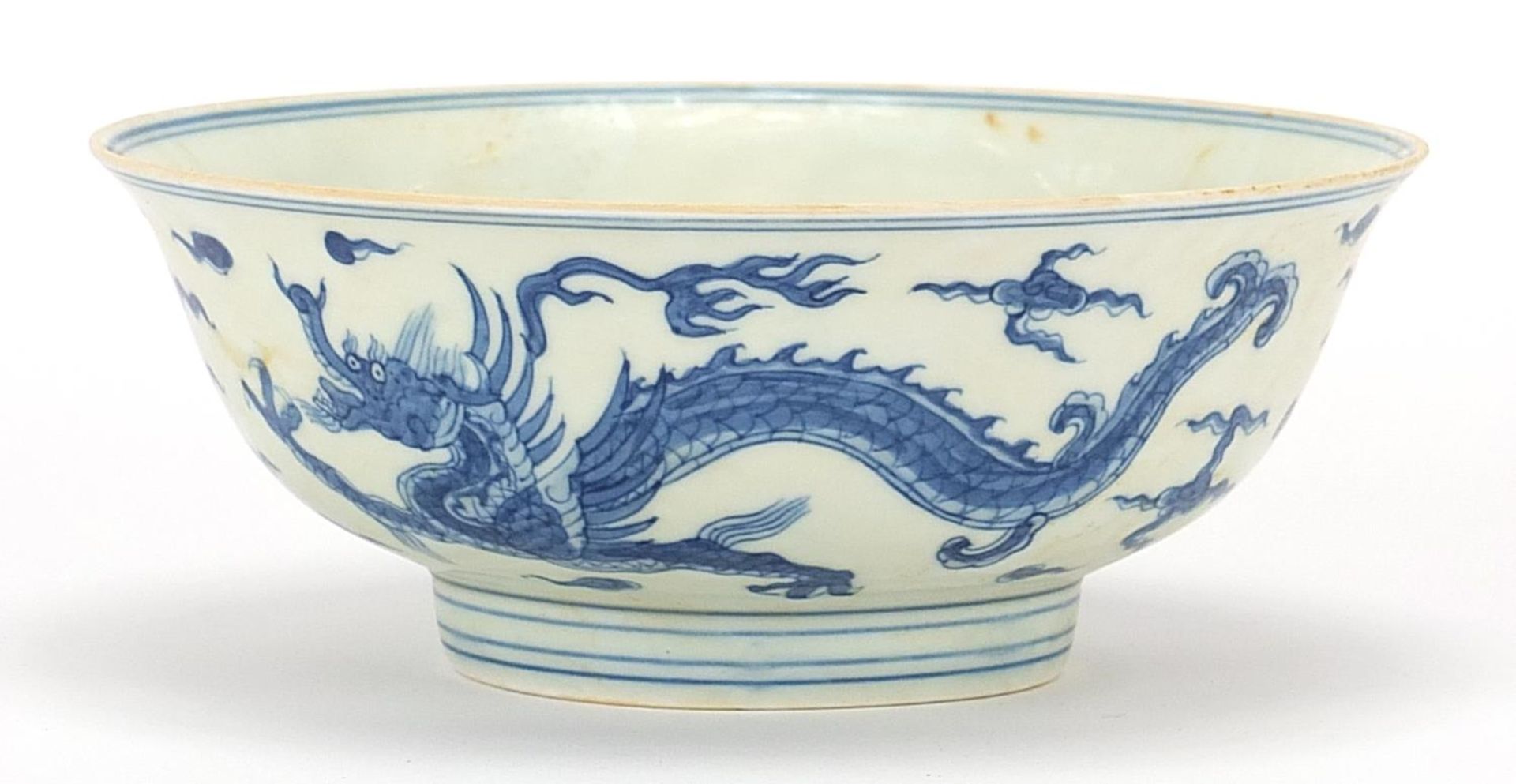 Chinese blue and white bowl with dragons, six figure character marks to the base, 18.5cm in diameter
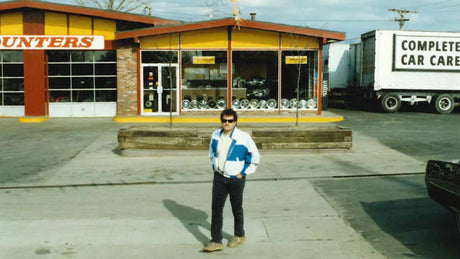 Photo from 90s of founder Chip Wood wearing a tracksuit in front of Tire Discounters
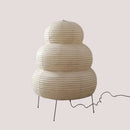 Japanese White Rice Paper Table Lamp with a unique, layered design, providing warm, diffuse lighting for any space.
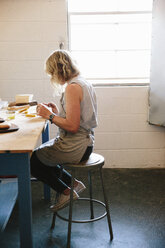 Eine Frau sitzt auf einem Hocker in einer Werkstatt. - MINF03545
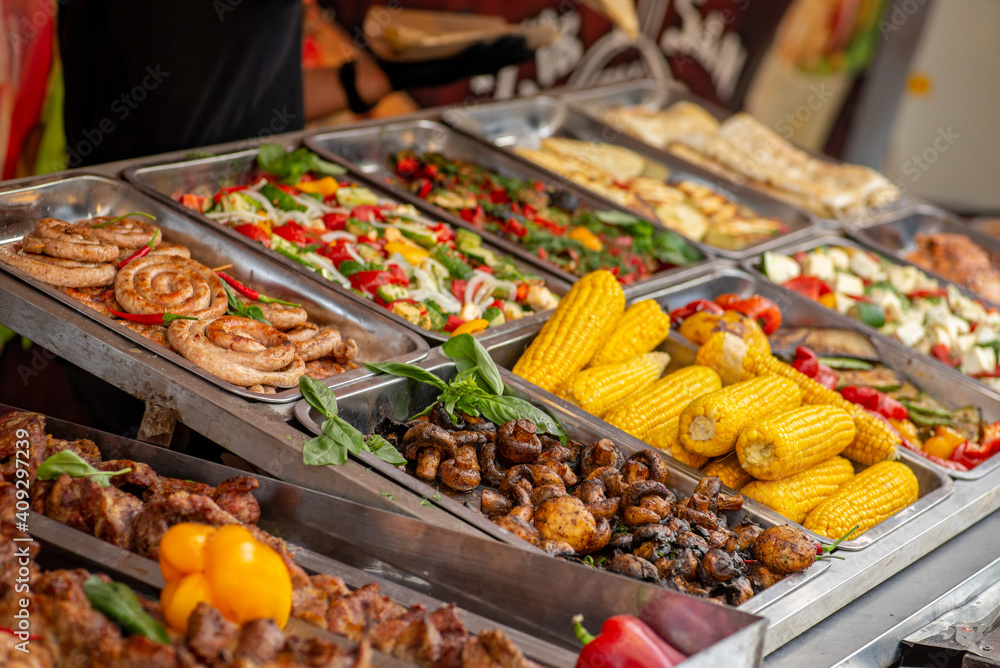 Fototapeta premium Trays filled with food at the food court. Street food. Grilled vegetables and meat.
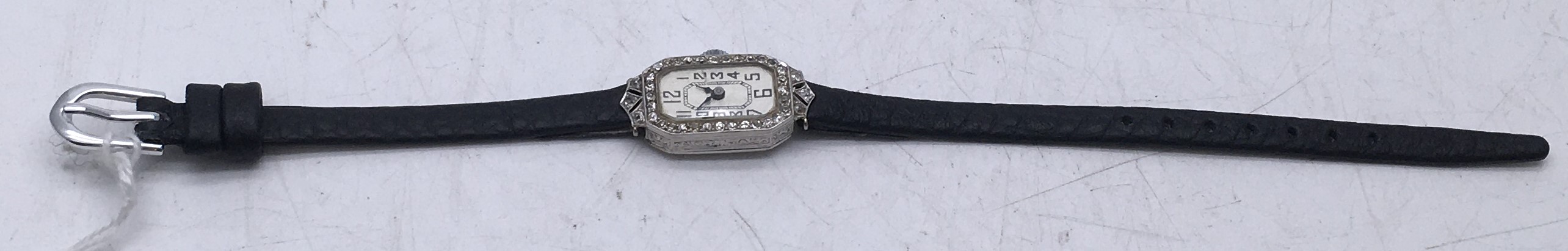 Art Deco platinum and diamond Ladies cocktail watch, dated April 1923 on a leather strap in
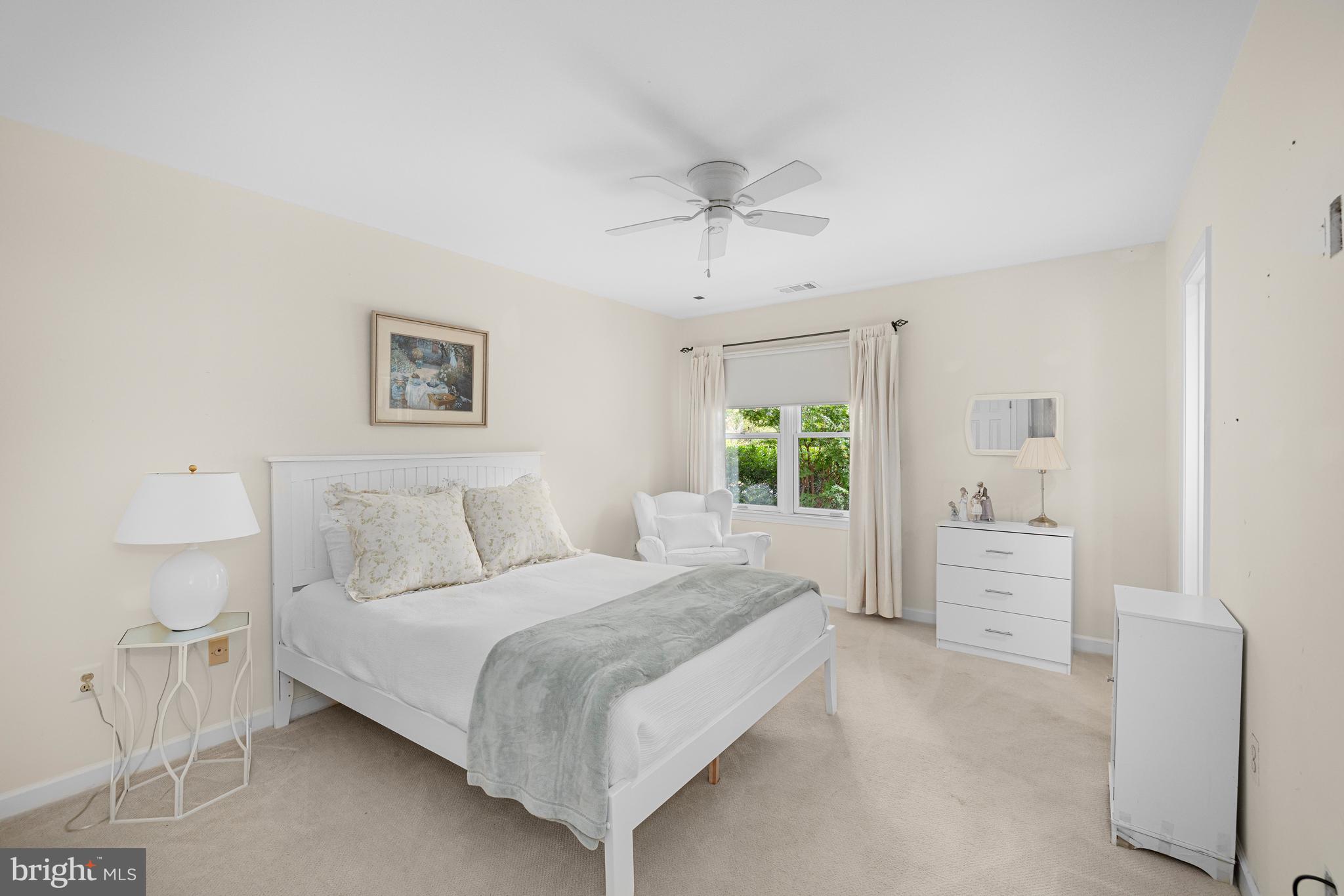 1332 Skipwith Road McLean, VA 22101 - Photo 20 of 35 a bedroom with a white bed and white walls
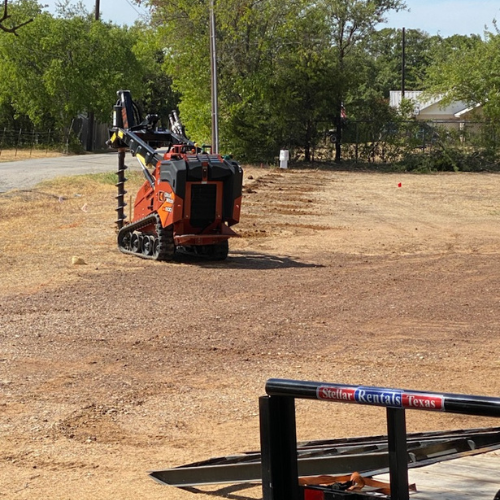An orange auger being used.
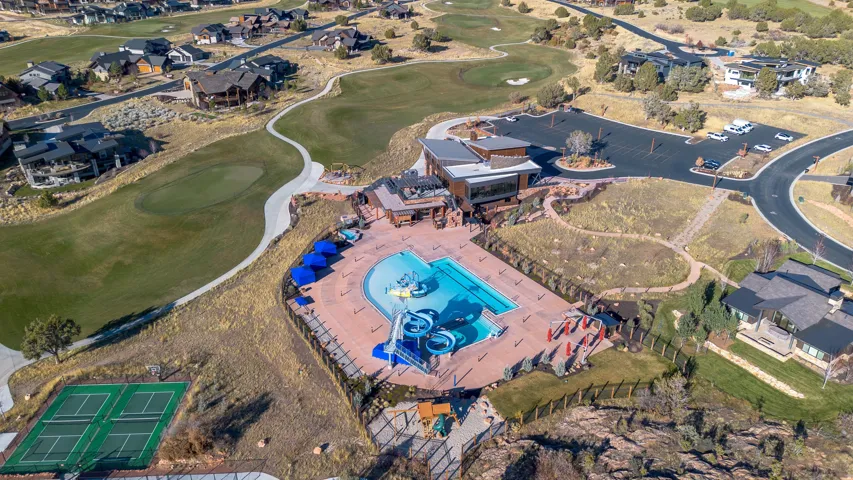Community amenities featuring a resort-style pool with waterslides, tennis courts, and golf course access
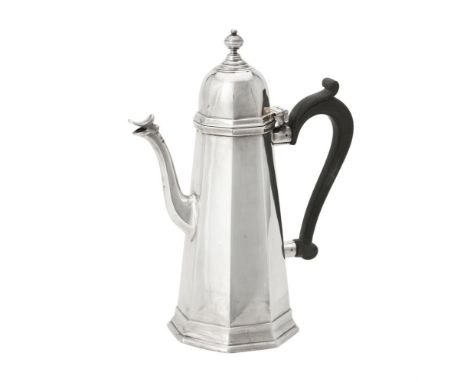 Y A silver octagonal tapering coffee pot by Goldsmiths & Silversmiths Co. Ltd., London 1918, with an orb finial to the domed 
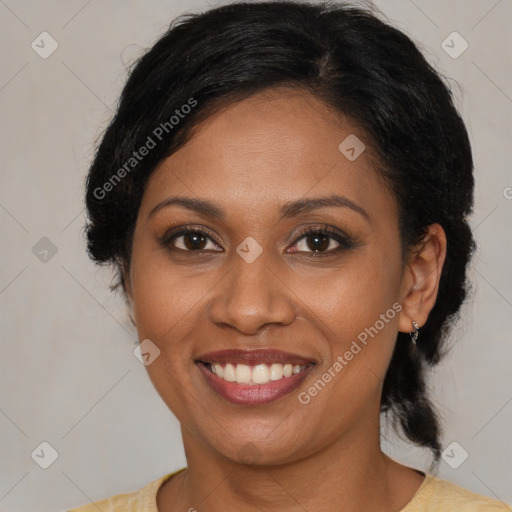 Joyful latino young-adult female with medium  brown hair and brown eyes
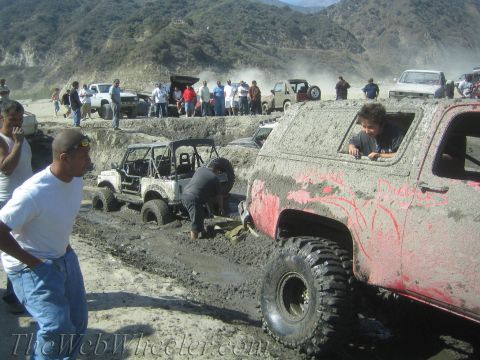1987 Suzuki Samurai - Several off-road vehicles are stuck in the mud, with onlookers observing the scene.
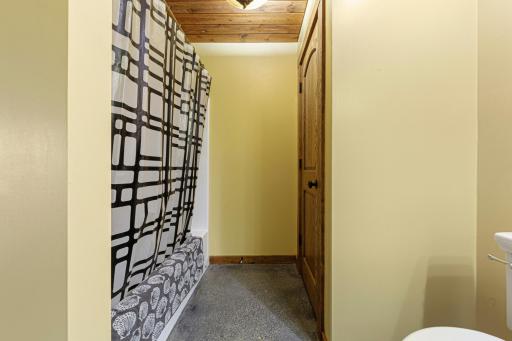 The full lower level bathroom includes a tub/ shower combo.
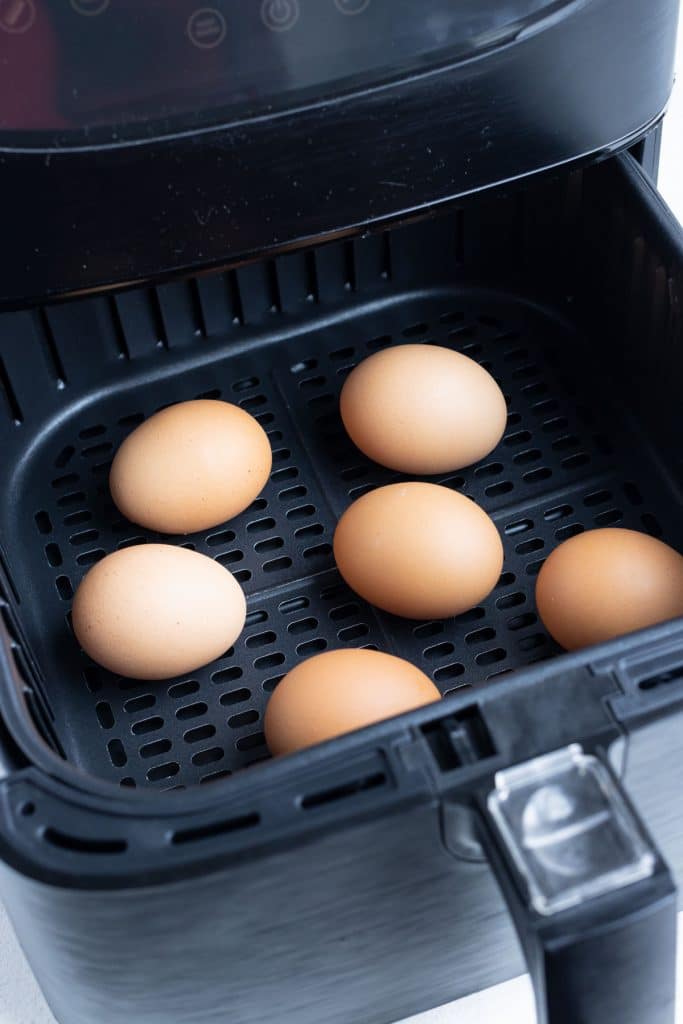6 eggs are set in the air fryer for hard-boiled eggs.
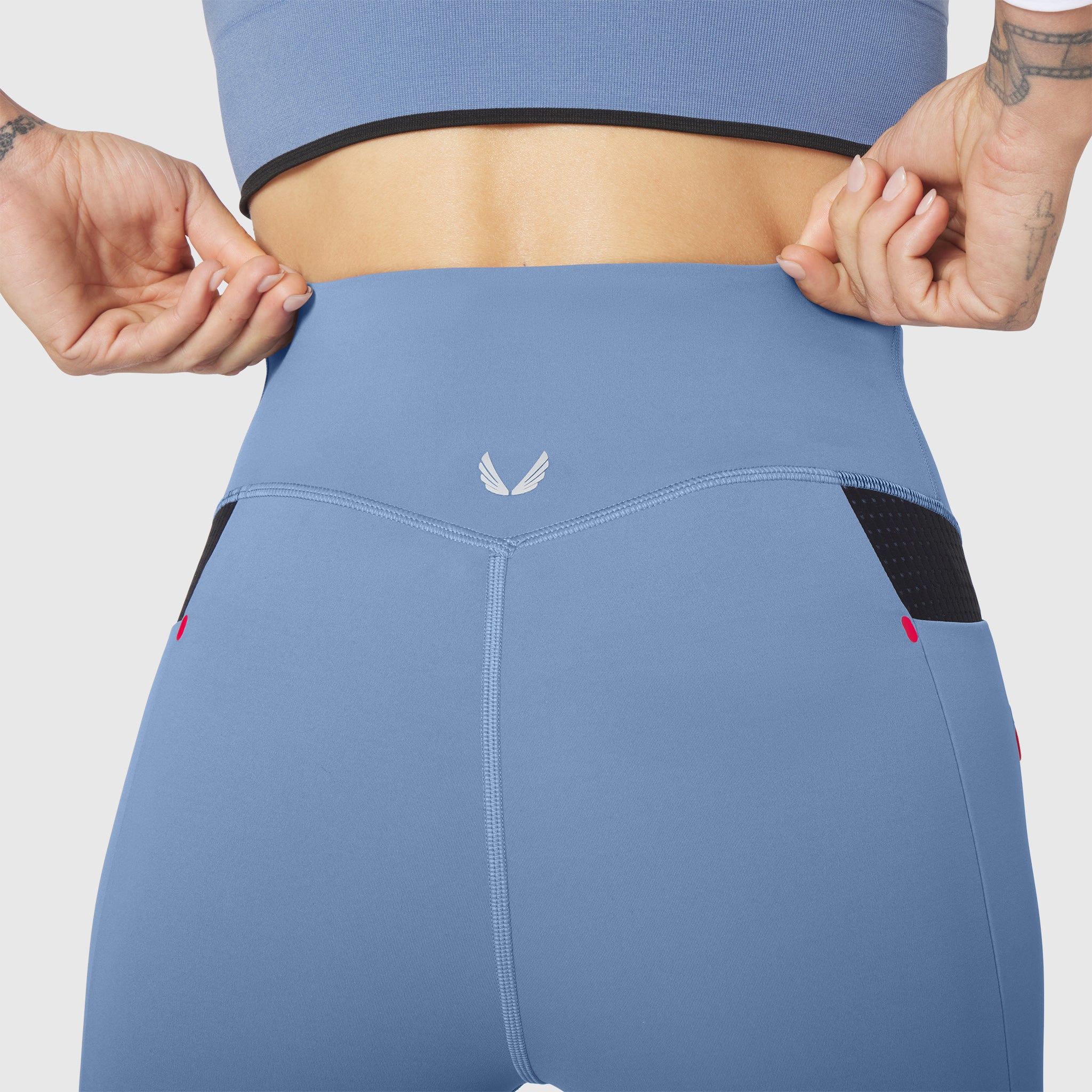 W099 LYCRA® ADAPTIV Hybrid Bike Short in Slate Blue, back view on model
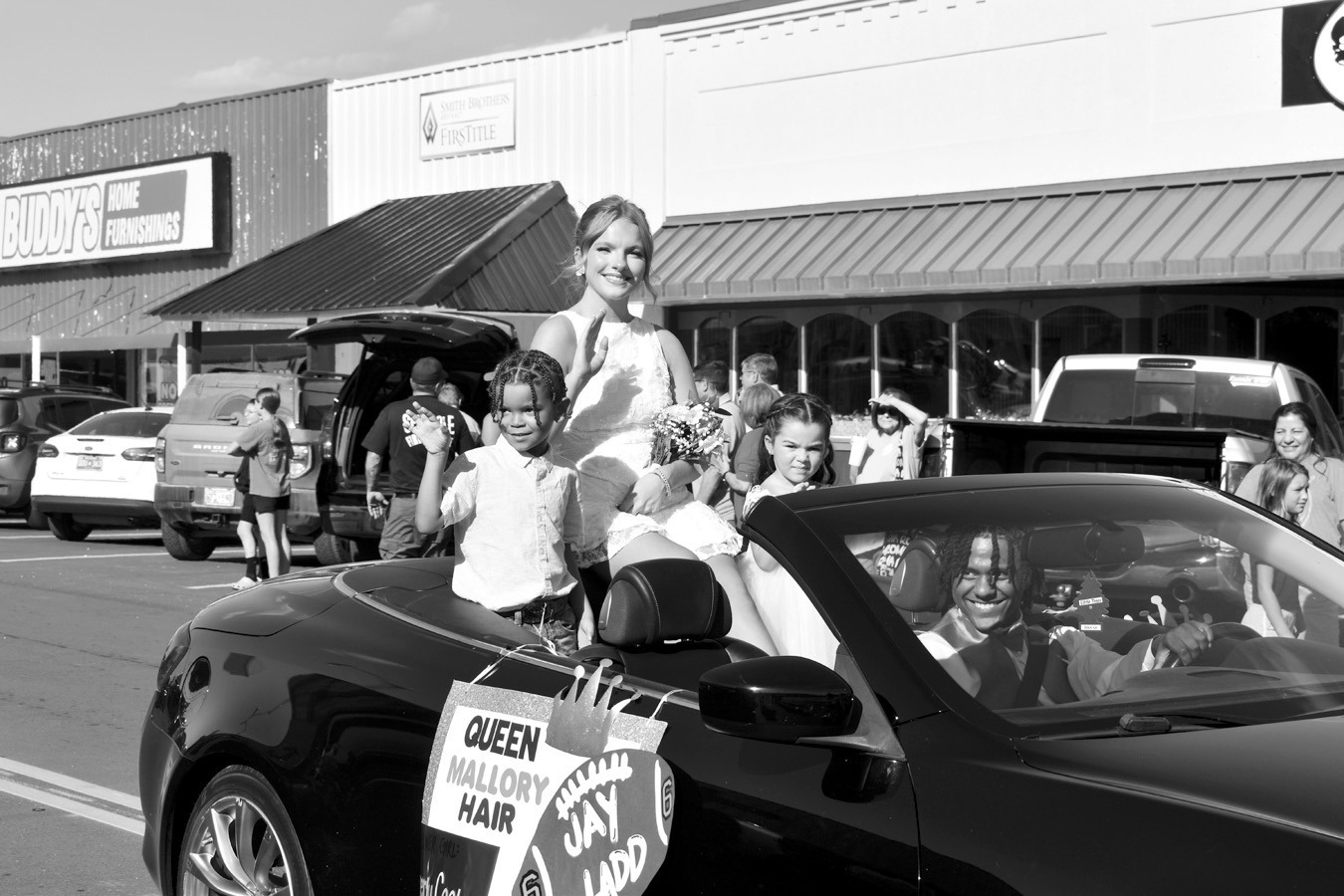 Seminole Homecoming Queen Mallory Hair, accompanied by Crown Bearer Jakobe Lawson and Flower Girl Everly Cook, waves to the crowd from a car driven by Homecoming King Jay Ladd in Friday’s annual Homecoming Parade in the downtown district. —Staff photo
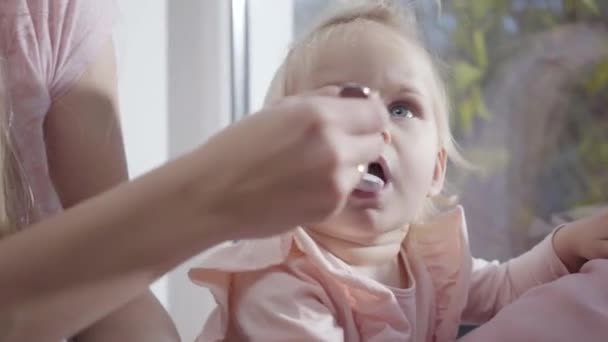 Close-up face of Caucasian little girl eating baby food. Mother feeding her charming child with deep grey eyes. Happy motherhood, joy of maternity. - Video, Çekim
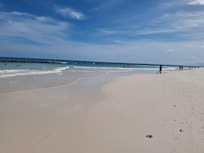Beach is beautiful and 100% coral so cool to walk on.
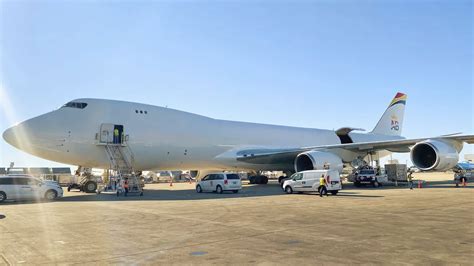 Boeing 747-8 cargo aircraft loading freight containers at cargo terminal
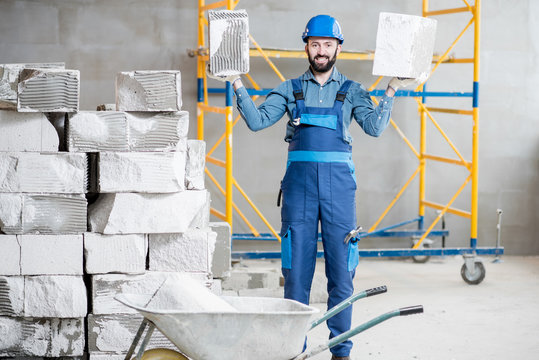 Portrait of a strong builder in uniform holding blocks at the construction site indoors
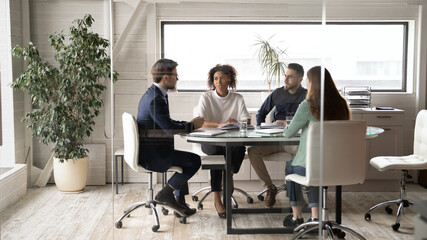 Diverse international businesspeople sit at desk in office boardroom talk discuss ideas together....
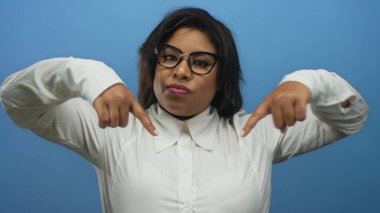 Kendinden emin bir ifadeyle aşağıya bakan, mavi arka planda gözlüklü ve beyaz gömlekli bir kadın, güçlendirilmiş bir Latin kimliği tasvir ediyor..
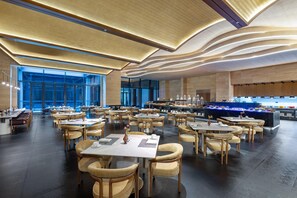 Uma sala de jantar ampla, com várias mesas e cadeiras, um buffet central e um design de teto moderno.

▸ **Aim of the exercise**: Pictures are to be left out; repeat all the remaining data exactly.

▸ **Output below**:
 Chinese blue and white bowl with dragons, six figure character marks to the base, 18.5cm in diameter
 Photo from 90s of founder Chip Wood wearing a tracksuit in front of Tire Discounters
 Japanese White Rice Paper Table Lamp with a unique, layered design, providing warm, diffuse lighting for any space.
 Eine Frau sitzt auf einem Hocker in einer Werkstatt. - MINF03545
 Fototapeta premium Trays filled with food at the food court. Street food. Grilled vegetables and meat.
 Art Deco platinum and diamond Ladies cocktail watch, dated April 1923 on a leather strap in
 1332 Skipwith Road McLean, VA 22101 - Photo 20 of 35 a bedroom with a white bed and white walls
An orange auger being used.
Community amenities featuring a resort-style pool with waterslides, tennis courts, and golf course access
 Y A silver octagonal tapering coffee pot by Goldsmiths & Silversmiths Co. Ltd., London 1918, with an orb finial to the domed 
 Joyful latino young-adult female with medium  brown hair and brown eyes
1987 Suzuki Samurai - Several off-road vehicles are stuck in the mud, with onlookers observing the scene.
 The full lower level bathroom includes a tub/ shower combo.
6 eggs are set in the air fryer for hard-boiled eggs.
 W099 LYCRA® ADAPTIV Hybrid Bike Short in Slate Blue, back view on model
 Seminole Homecoming Queen Mallory Hair, accompanied by Crown Bearer Jakobe Lawson and Flower Girl Everly Cook, waves to the crowd from a car driven by Homecoming King Jay Ladd in Friday’s annual Homecoming Parade in the downtown district. —Staff photo
 Close-up face of Caucasian little girl eating baby food. Mother feeding her charming child with deep grey eyes. Happy motherhood, joy of maternity. - Video, Çekim
Beach is beautiful and 100% coral so cool to walk on.
 Boeing 747-8 cargo aircraft loading freight containers at cargo terminal
 Portrait of a strong builder in uniform holding blocks at the construction site indoors
 Diverse international businesspeople sit at desk in office boardroom talk discuss ideas together....
 Kendinden emin bir ifadeyle aşağıya bakan, mavi arka planda gözlüklü ve beyaz gömlekli bir kadın, güçlendirilmiş bir Latin kimliği tasvir ediyor..
 Uma sala de jantar ampla, com várias mesas e cadeiras, um buffet central e um design de teto moderno.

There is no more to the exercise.